Michael Burry, qui a fait un malheur en pariant contre le marché des prêts hypothécaires à risque avant la crise financière de 2008 (et est devenu une célébrité grâce au livre de Michael Lewis et au film qui a suivi, « The Big Short »), aurait pris 1,1 milliard de dollars de positions courtes, via des options de vente, contre Nvidia et Palantir.
Burry a publié des références à des « bulles » sur les réseaux sociaux et a souligné les discussions sur les relations de financement circulaires et incestueuses qui caractérisent un secteur de l’IA dont l’appétit vorace et peut-être sans précédent pour le capital a forcé la collaboration des concurrents et un financement très créatif.
Il n’est pas le seul à penser que les actions de l’IA ont peut-être couru trop loin, trop vite.
Le directeur général de Goldman Sachs, David Solomon, et Ted Pick de Morgan Stanley, s’exprimant lors d’une conférence sur l’investissement à Hong Kong cette semaine, ont tous deux suggéré qu’il pourrait y avoir une correction significative du marché boursier au cours des deux prochaines années.
Solomon a déclaré qu’il pensait qu’il était probable qu’il y ait un « retrait » de 10 à 20 pour cent au cours des 12 à 24 prochains mois, tandis que Pick a déclaré que son entreprise accueillerait favorablement la possibilité d’un retrait de 10 à 15 pour cent qui ne soit pas provoqué par « une sorte d’effet de falaise macro ».
Tous deux faisaient référence au type de corrections de routine qui peuvent se produire lors d’une longue période de marché haussier. Burry semble parier sur quelque chose de plus structurel et destructeur.
Alors que le marché se concentre principalement sur la validité des dépenses en IA, une autre influence récente a été exercée par la Réserve fédérale.
La Fed a réduit son taux directeur de 25 points de base la semaine dernière, comme prévu, mais a révélé des divisions inattendues et des incertitudes quant aux perspectives pour le reste de l’année. Le président Jerome Powell a parlé de « conduire dans le brouillard », ce qui faisait autant référence aux perspectives sombres du chômage et de l’inflation qu’à l’absence de données économiques provoquée par la fermeture.
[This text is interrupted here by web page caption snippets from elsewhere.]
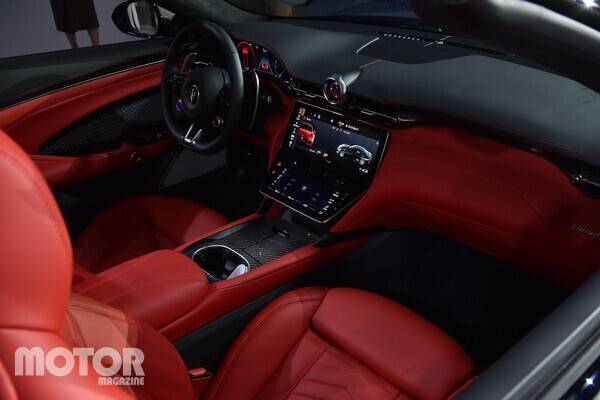 마세라티 뉴 그란카브리오 사진 모터매거진 윤성 기자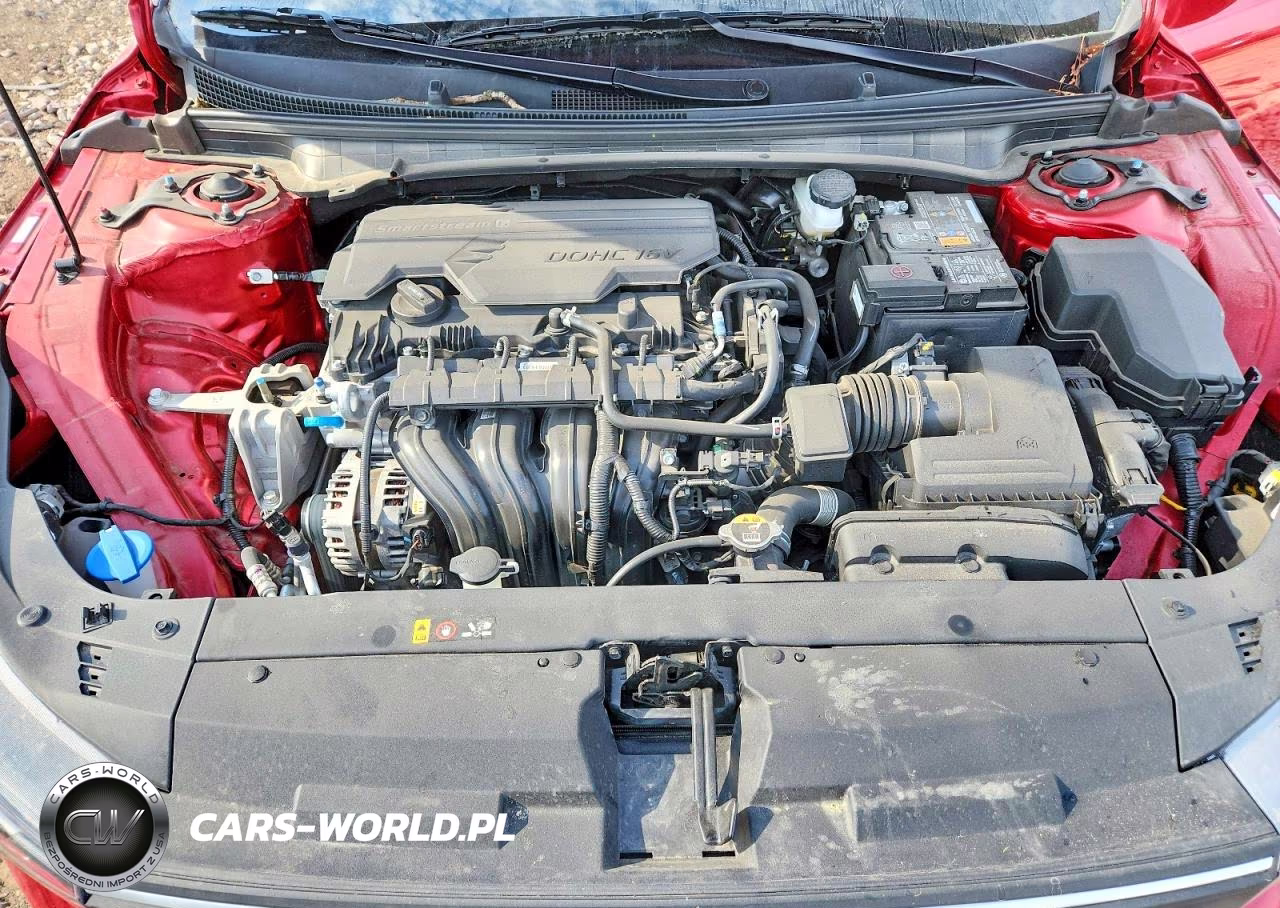 2025 Kia K4 Lxs VIN:3KPFT4DE4SE206866 - 11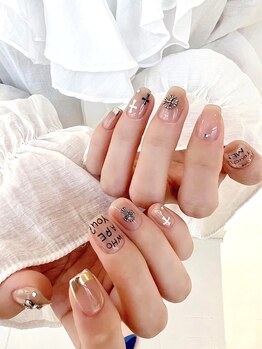 ユニークネイル 横浜関内店(Unique Nail)/やり放題120分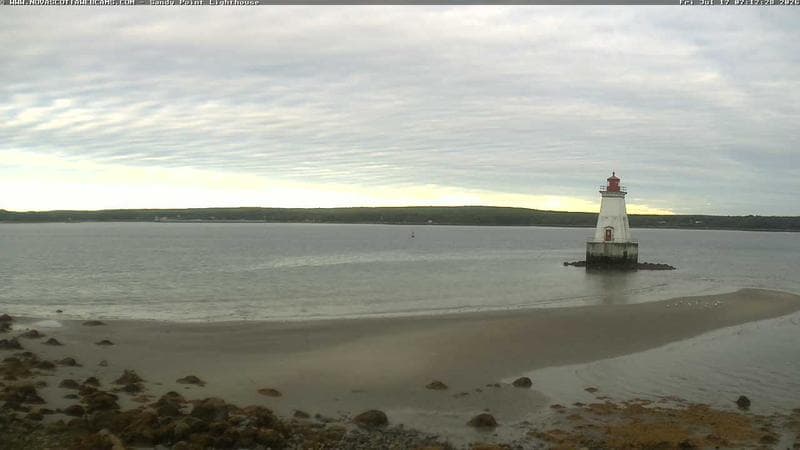 Sandy Point Lighthouse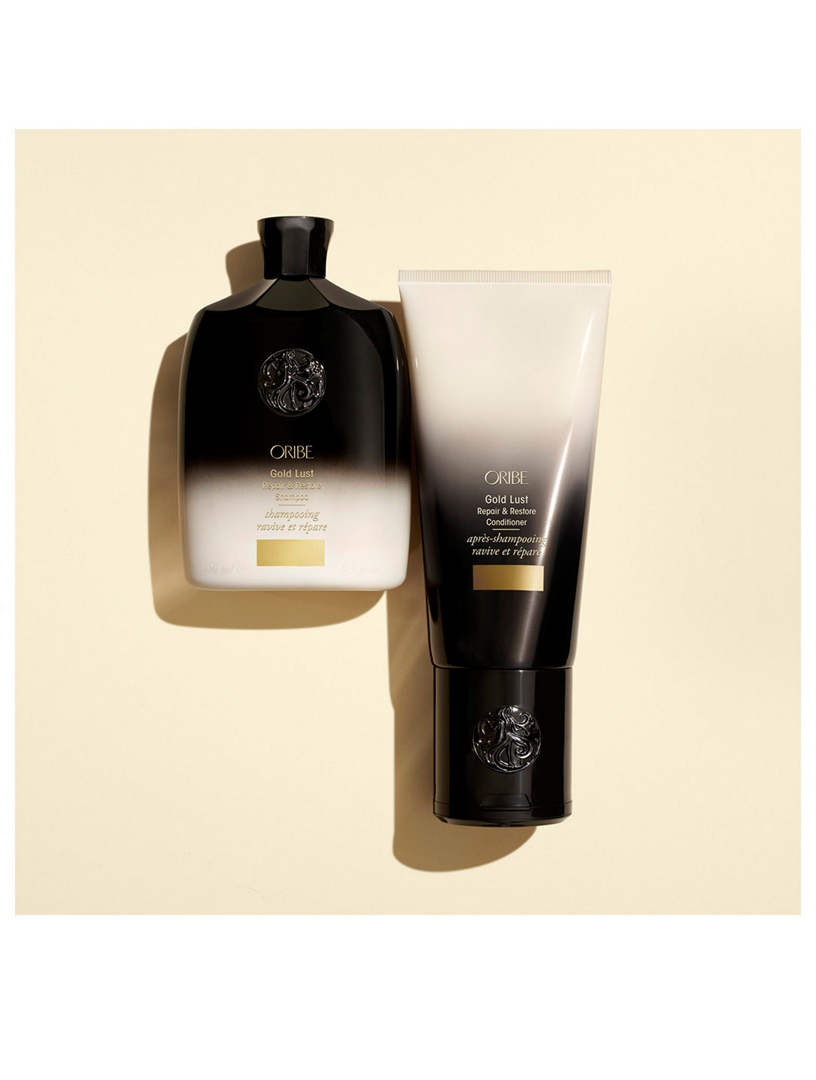 ORIBE Gold Lust Repair & Restore Shampoo | Holt Renfrew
Les investisseurs qui avaient prévu une nouvelle baisse des taux en décembre, qui serait positive pour le marché des actions et d’autres actifs à risque, doutent désormais de la capacité de la Fed à tenir ses promesses.
Il y a aussi les tarifs douaniers de Trump, qui sont contestés cette semaine devant la Cour suprême des États-Unis. Les revenus issus de ces droits de douane ont rassuré dans une certaine mesure le fait que la croissance de la dette et des déficits américains pourrait être modérée, au moins dans une certaine mesure.
Une perte devant le tribunal mettrait en péril cette source de revenus et, peut-être, signifierait que les droits perçus jusqu’à présent devraient être remboursés. La dette et les déficits américains constitueraient une menace plus importante pour le dollar américain, les taux d’intérêt, l’économie et les marchés.
Bien que ces autres questions soient importantes, c’est cependant la durabilité du boom de l’IA et les valorisations boursières qui lui sont attribuées qui ont jeté les bases d’un boom boursier qui approche de son troisième anniversaire.
Si suffisamment d’investisseurs pensent que les entreprises d’IA dépensent trop pour des rendements qui pourraient être trop faibles, trop risqués ou trop lointains, les interdépendances des principales entreprises impliquées pourraient créer une violente implosion – ce qui n’est pas la correction décrite par Solomon et Pick.